Women's underrepresentation in technology starts at the educational level. Girls have been directed away from STEM jobs and activities since they were young. Even those who have expressed an interest have been discouraged from pursuing it. Even with organizations such as AnitaB.org supporting their efforts, it is still an uphill battle.
Only 3% of female students indicate they would pursue a job in technology as their first option. This is reportedly due to a lack of knowledge among many women about what working in the technology business or in a STEM-related vocation involves.
Unfortunately, even those women who do seek professions in STEM face an unwelcoming environment and lack the support of many of their male colleagues. “Many women also express how difficult it is to be heard and considered for promotions and opportunities to go up the corporate ladder.”
Minorities and women of color face even more dismal statistics. Furthermore, data reveal that even if a woman enters the industry, she will be paid much less than her male counterparts.

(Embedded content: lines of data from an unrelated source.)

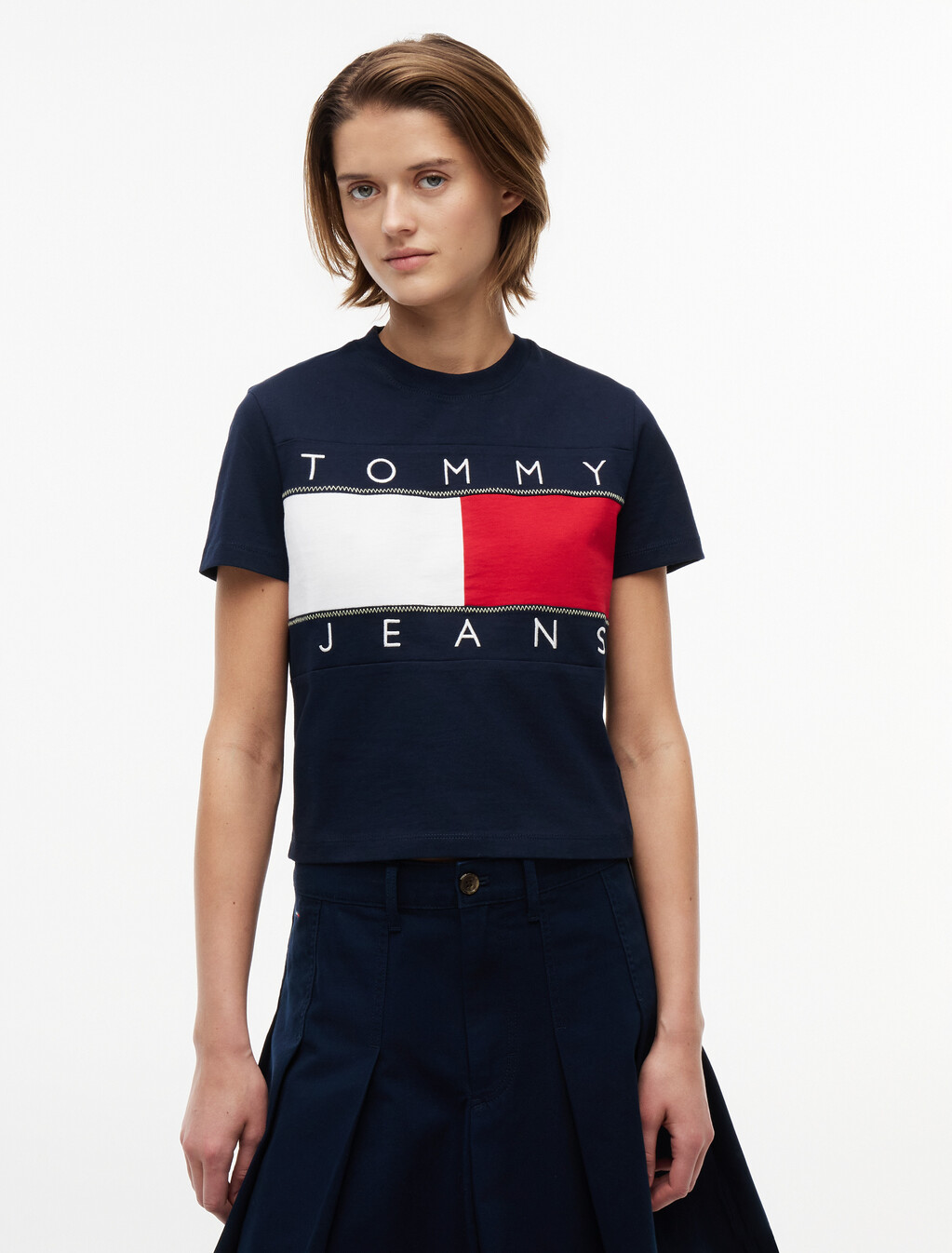 Tommy Flag T-Shirt, Dark Night Navy, hi-res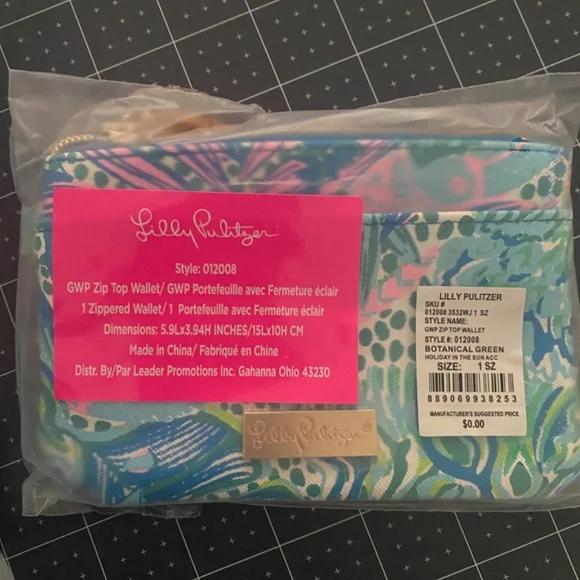 NIP Lilly Pulitzer Holiday in the Sun Top Handle Bag & Zip Top Wallet - Picture 4 of 5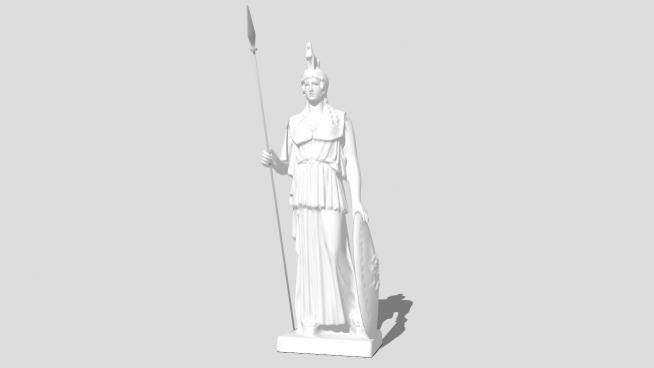 雅典娜人物雕塑雕像SU模型下载_sketchup草图大师SKP模型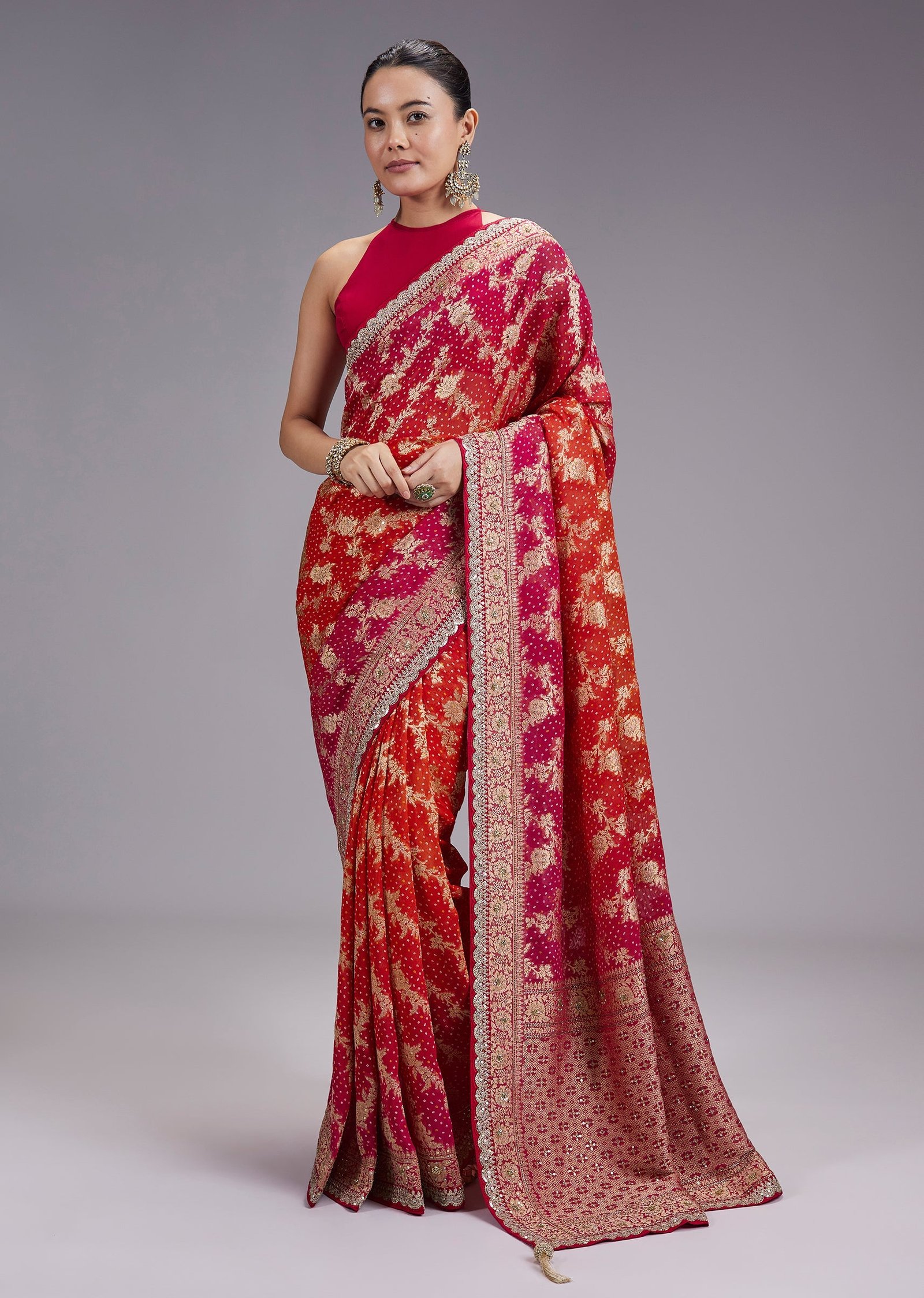 Rani Pink Festive Woven Dola Silk Saree - Image 3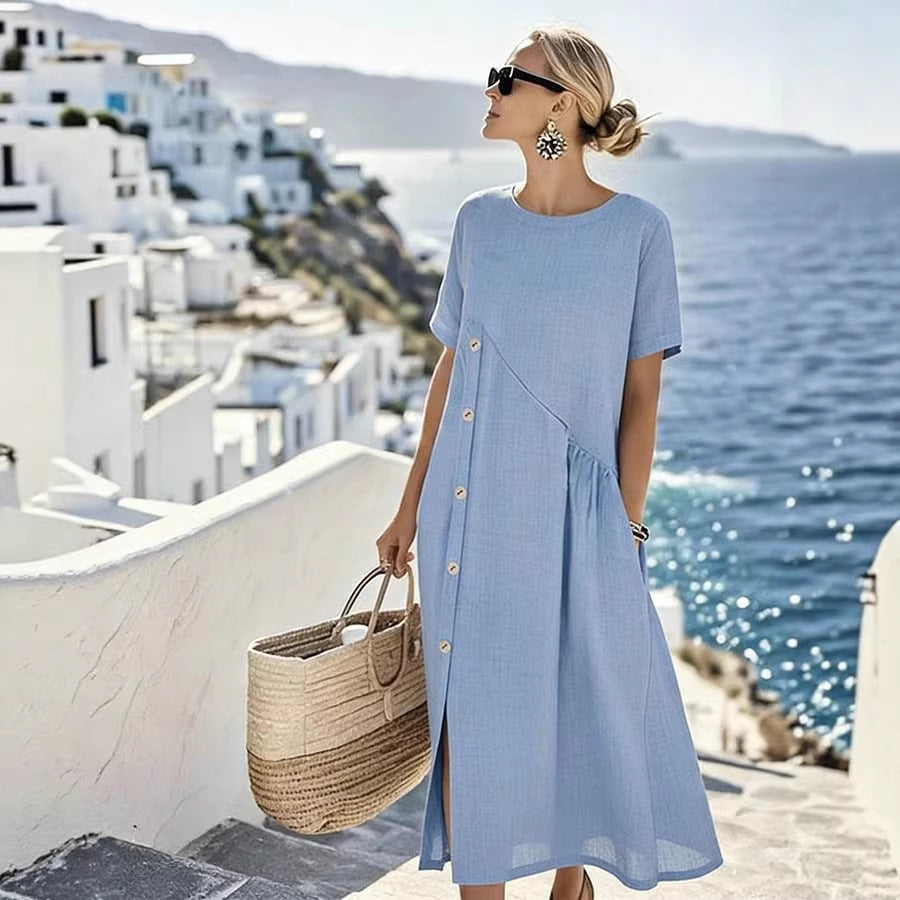 Women's Airy Summer Dress with Side Button Placket, Short Sleeves and Slit Mune Fashion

Aside from a lack of knowledge and support at a young age, a lack of confidence is another major barrier for many women. “Women, more than males, may have a difficult time overcoming the ‘imposter syndrome' and believing in ourselves that we are capable of accomplishing anything, even mastering technology.”
Finally, many of the women who do break into technology do not stay there. According to the UNESCO report, female computer workers in the United States who leave the business do so because they feel devalued.